Closed betatim closed 6 years ago
Do you have any sense of what fraction of total operating cost 10Gig accounts for?
https://zero-to-jupyterhub.readthedocs.io/en/v0.5-doc/cost.html is pretty neat for going through different scenarios.
Some assumptions: mybinder.org has roughly 30-40 active users at its low point during a 24h cycle. In the recent past typical "spikes" take us to ~100 at most (modulo reddit hugs). Chart here. Our impression is that the cluster grows because we promise a fixed amount of RAM to each active user, not because they are maxing out the CPUs. I think this makes sense as notebooks typically require you to think a lot in between running commands. Ergo pick instance types that have more RAM per user instead of instances with lots of CPU per user.

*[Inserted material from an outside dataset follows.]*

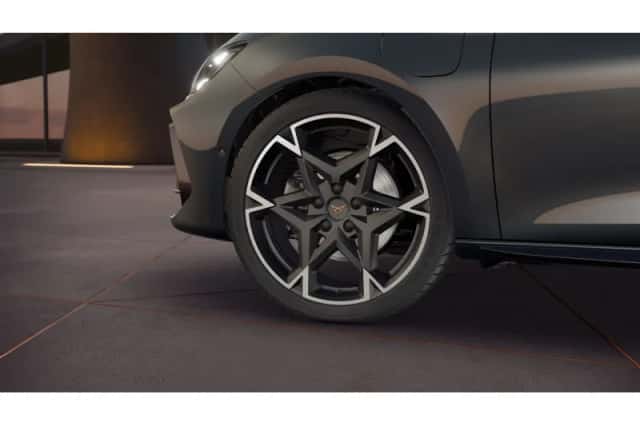 CUPRA Leon (2026) thumbnail 5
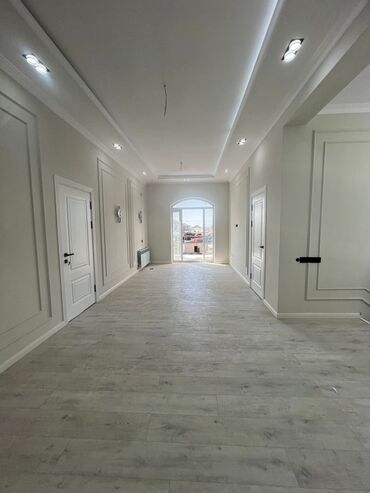 Продажа домов: Дом, 280 м², 7 комнат, Агентство недвижимости — 4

Exploring the pricing notebook a bit my conclusion is: it doesn't matter what you choose for storage size or SSD vs HDD it will be nothing compared to the cost of the CPUs. 30 users for 30 days on n1-standard-8
instances with 10GB each -> $1.20 for storage/month. So even if you bump it up to 100GB per user it is $12/month.

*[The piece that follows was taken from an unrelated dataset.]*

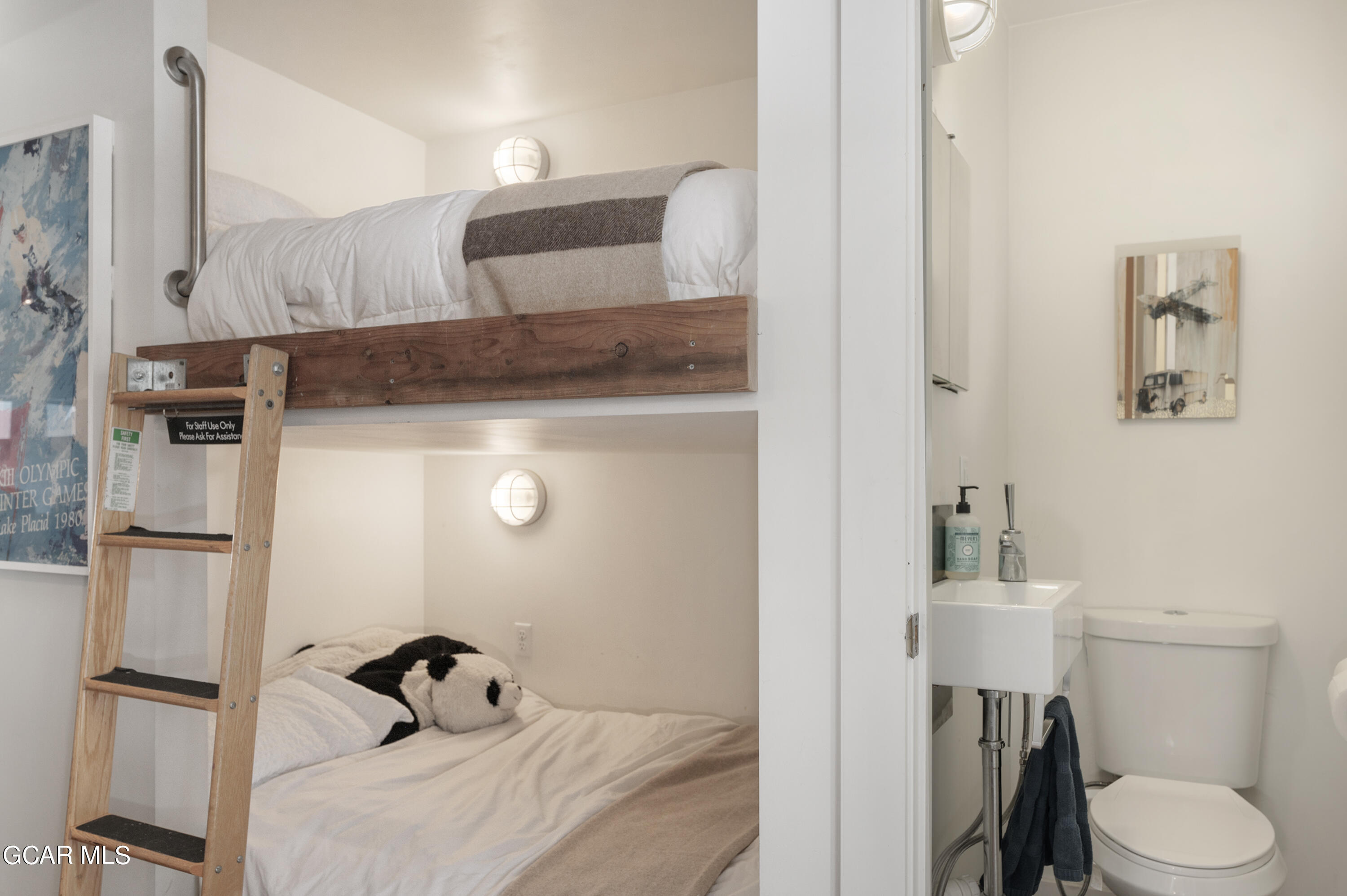 480 HI COUNTRY Drive 24-8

Conclusion from Tim: don't worry about storage, more important to get the auto-scaler working well so the cluster is "small".
Agreed. This is trivial – no need to worry about "too much"! 10GB does seem likely to be plenty. And if it isn't, we'll know that there's little financial concern to increasing it. Most of OH's data storage costs are in the more permanent storage file storage and downloads, which have also been trivial so far.
Cool. I'll close this then. We can make a new issue to discuss changing away from 10GB at some point.
We currently assign 10Gig per home directory per user. Do they need this much? More? Less?